Vagiti di morte. Quei foschi presagi furono smentiti dal tempo. Ma il salotto continuò ad accogliere senza distinzioni l'aristocrazia e la plebe. I volti noti e gli sconosciuti. Quelli che manifestavano in difesa di Garibaldi, arrestato a Sinalunga. E perfino le armi. In quel maggio 1898 in cui Bava Beccaris, uno che non andava per il sottile, sparò sulla folla. La «protesta dello stomaco», altrimenti ricordata come i moti di Milano, si concluse con più di 80 morti e 450 feriti che valsero al generale una medaglia d'oro al valor militare. Aveva represso la rivolta di un popolo che aveva alzato la voce nel cuore di Milano. Il generale si sentì lusingato, ma fu una delle pagine più buie di un re, Umberto I, figlio e successore di quel Vittorio Emanuele II che la Galleria l'aveva inaugurata 22 anni prima. E dai milanesi gli era stata dedicata.

Quelle cannonate non tolsero mai fiato e parole. Come per nemesi dopo la ribellione soffocata, la Galleria rimase per sempre lo spazio della chiacchiera popolare. Capannelli di sconosciuti parlavano dei problemi dello Stato e di hashish legalizzato. Si urlava che il Milan. Che l'Inter. Che Fanfani e Rumor. Che i reggiseni delle femministe. Che il sindaco aveva messo una rete per non far entrare i piccioni. E gli strilloni dei giornali del pomeriggio gridavano ai passanti la notizia più fresca. Valeva 150 lire e non importa se non sempre fosse vera. Internet ante litteram era quel passaparola urlato a gran voce in mezzo a tutti. Lo studente di corsa. Il turista armato di macchina fotografica. Il piazzista di souvenir. Le dame sedute al caffè. Gli innamorati stretti stretti. I visitatori che andavano a calcare il tallone sulle palle del toro. Un giro su se stessi, guardando l'Asia. Lassù. Lunetta opposta di un altro cielo. Dove una donna riceve i doni da un mandarino cinese. E, sotto i portici, i ciechi vociavano forte per piazzare il tartufo a quelli che passavano con la mani calcate sul naso. Ma loro non li vedevano.

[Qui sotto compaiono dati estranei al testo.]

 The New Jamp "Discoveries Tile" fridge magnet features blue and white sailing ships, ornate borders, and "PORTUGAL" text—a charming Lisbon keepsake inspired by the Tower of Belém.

Caddero le bombe del '43. Ferita al cuore. Sventrarono il salotto che fu anche di Sinatra e della Callas. Dei principi di Monaco. E nel '67 - ma stavolta del Novecento - fu perfino dei ciclisti del Giro. Erano i cent'anni. E si partì da lì. Gimondi e Adorni. Anquetil e Balmamion. Merckx. Al via su un tappeto rosso che nel tempo avrebbe ospitato anche le modelle. La Galleria era diventata una passerella. Non sempre e solo alla moda. Più spesso di. Moda.

Sfilarono perfino Borrelli, Colombo e Di Pietro. Con lo scalpo di una classe politica demonizzata più di tanti ladri stessi, a tutt'oggi indefessi nel loro disonorevole lavoro. Anche questo è salotto. Teste coronate e delinquenti.